If it were done, when ‘tis done, then t’were well it were done wittily. Alack, ‘twas not. For prating merely “thee” and “thou” dost not the bard emulate.
I could probably do this whole review in cod Shakespeare, but it’d soon become tedious, would’st not?
Which pretty much describes last night’s performance of the allegedly improvised Rubbish Shakespeare: The Incomplete Works at the Unity Theatre. The audience were given the illusion of directing the action here but in fact were instructed to pick a year within Shakespeare’s lifetime (1550.) We had wider remit over location (Venice) and plot-hurdle (woodworm in the gondolas.)
A chap near the front was awarded a circlet and crowned King James (anachronistically but lapses in history I can forgive) before being swiftly decoronated in case they needed the prop (they did not.) But there ended the King’s interaction with the cast. Turns out he was simply a vehicle to illustrate the point that the play’s the thing wherein they’ll vaunt the politics of the king.

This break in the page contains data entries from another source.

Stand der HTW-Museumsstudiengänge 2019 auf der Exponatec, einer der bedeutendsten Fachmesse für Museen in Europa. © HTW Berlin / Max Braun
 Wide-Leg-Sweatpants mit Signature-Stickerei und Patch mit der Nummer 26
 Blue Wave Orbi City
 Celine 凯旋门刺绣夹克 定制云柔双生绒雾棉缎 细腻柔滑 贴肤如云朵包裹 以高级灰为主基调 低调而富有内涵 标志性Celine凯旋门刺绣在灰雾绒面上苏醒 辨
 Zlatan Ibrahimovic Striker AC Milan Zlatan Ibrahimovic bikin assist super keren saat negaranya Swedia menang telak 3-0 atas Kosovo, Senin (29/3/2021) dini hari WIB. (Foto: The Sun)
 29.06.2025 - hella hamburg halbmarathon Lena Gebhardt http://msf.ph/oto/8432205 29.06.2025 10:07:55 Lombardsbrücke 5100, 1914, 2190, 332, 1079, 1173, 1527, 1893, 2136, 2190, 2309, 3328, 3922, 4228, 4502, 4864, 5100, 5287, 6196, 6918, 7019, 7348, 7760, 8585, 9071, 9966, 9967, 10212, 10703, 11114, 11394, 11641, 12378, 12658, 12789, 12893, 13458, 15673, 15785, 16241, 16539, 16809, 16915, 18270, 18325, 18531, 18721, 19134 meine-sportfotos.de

You see how easy that is, to paraphrase Old Bill, to parody? Now, I may know a little more Shakespeare than the average Malvolio but, zounds, they could have actually just quoted from the Avon man directly with some comic effect. Almost every cliché ever written originated in Shakespeare. And style of as though we, the audience, gifted them the style; they chose, and prepared, that themselves.
So where, then, is the rhyme, the meter, the malapropism, the wit, the poetry, the pathos, the irony? Barring a couple of pre-scripted couplets, an attempted soliloquy and some fairly typical Renaissance plot tropes involving banishment and grisly murder, the performance consisted largely of throwing wigs around and a running in-cast joke about South Wales. There was also a curious lack of physical theatre but the biggest crime against improv was, beyond the initial premise, the exclusion of the audience. For us there was no interaction with the stage, no invitations to join the cast, no spontaneous challenges.
Some points were awarded for resolving the woodworm thread but, despite five acts-worth, not every character’s storyline was concluded. Brevity is the soul of wit but unfortunately this was another piece of Shake-lore that the company chose to ignore: my companion said it was like watching two hours of Pyramus and Thisbe.
A bloke on the, um, electric lute? provided some accompaniment and the cast variously breathed and blew into microphones to create sound effects but their go-to gimmick was to repeatedly echo each other, and nowhere more so than at the point of scene change which every one of the cast announced, for no apparent reason. Frankly a sixth-form review could have done it better, and cleverer. I am reminded of the Dunning-Kruger effect, where someone’s lack of skill causes them to overestimate their own prowess. Certainly, the cast found themselves hilarious.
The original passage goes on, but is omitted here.